What you are asked to do:
Only one span of the listing below should come back. It runs from the line with "Shake_It_Up_S01E14_1080p_BTD_001671.jpg" through the line with "Durante la madrugada, personal", and each of its lines must be reproduced exactly.

Material for this task:

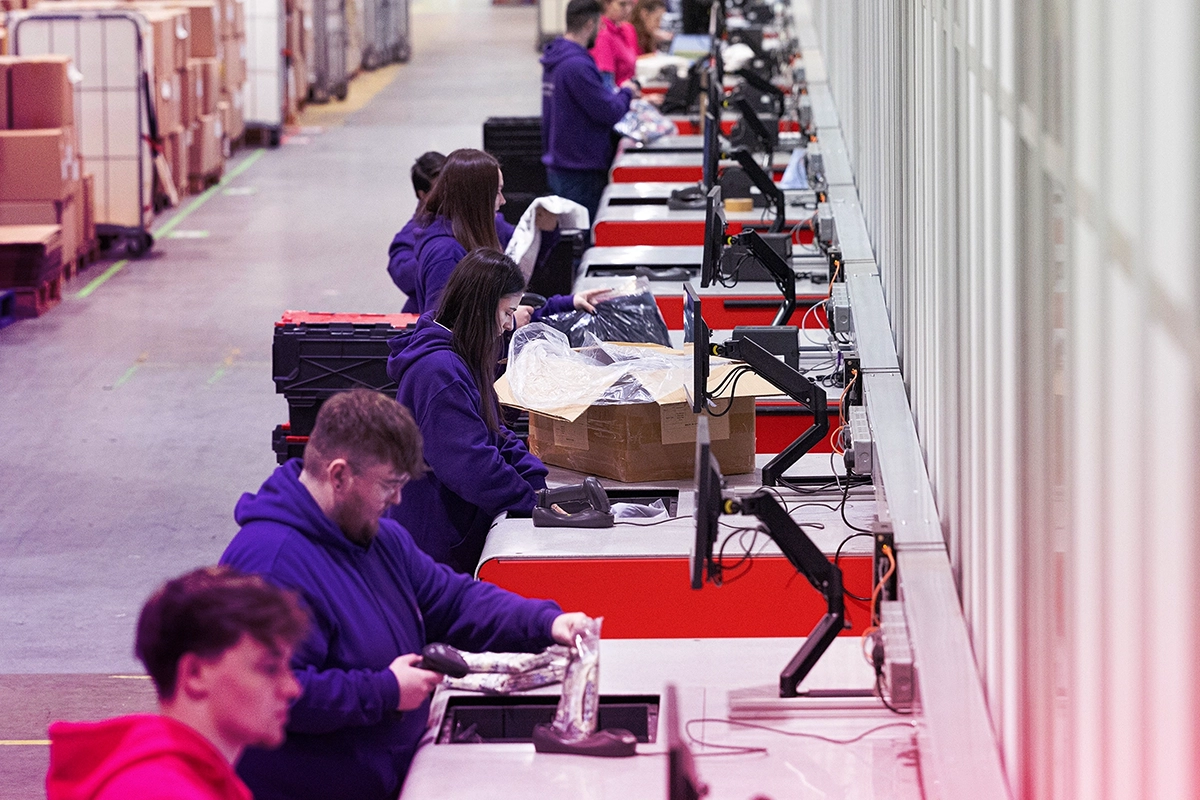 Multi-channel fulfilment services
* * *
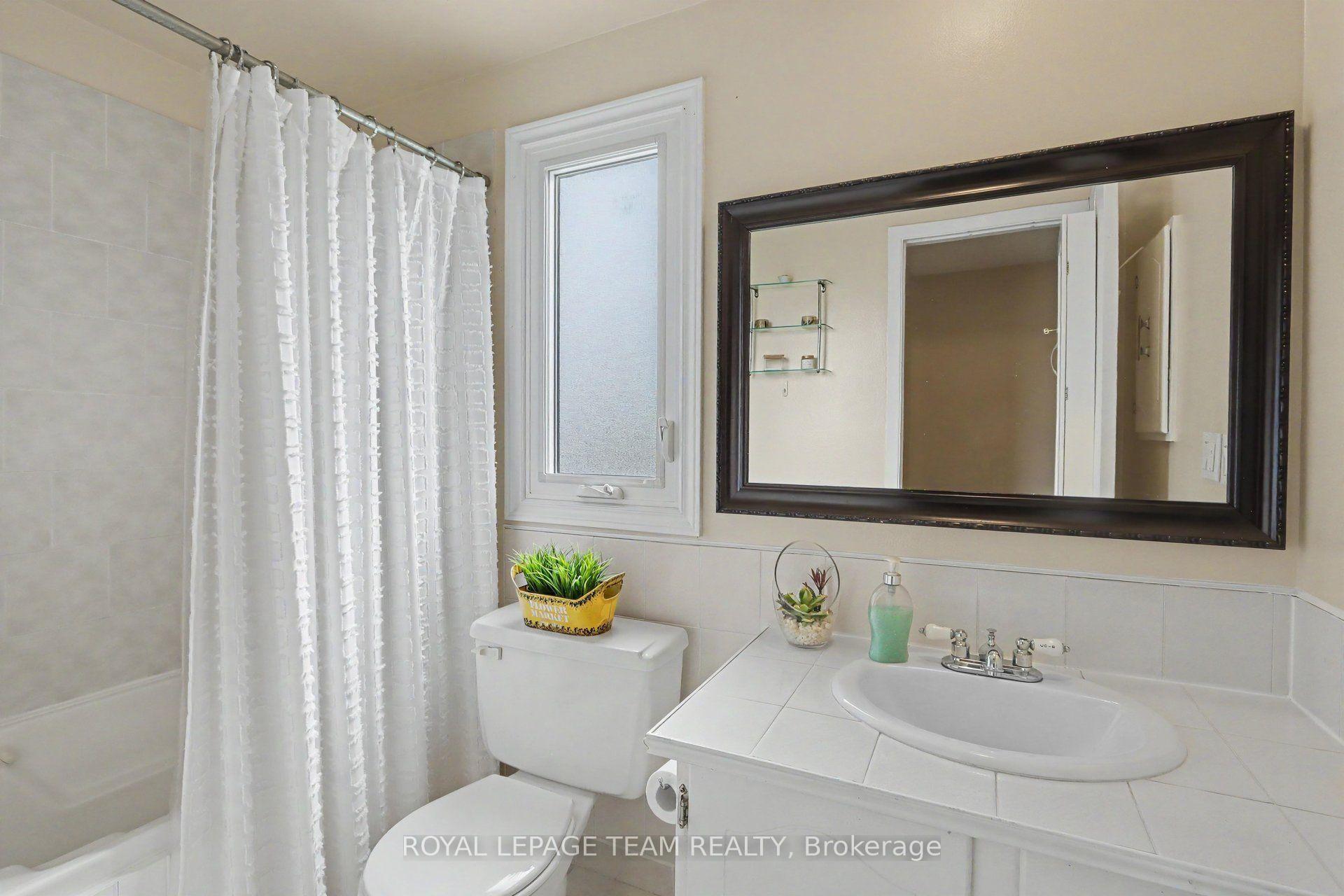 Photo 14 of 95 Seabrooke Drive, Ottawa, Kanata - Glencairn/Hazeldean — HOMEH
--
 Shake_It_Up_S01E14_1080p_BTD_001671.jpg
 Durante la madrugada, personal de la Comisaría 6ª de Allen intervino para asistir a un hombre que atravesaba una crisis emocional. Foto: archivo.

Response box:
 Shake_It_Up_S01E14_1080p_BTD_001671.jpg
 Durante la madrugada, personal de la Comisaría 6ª de Allen intervino para asistir a un hombre que atravesaba una crisis emocional. Foto: archivo.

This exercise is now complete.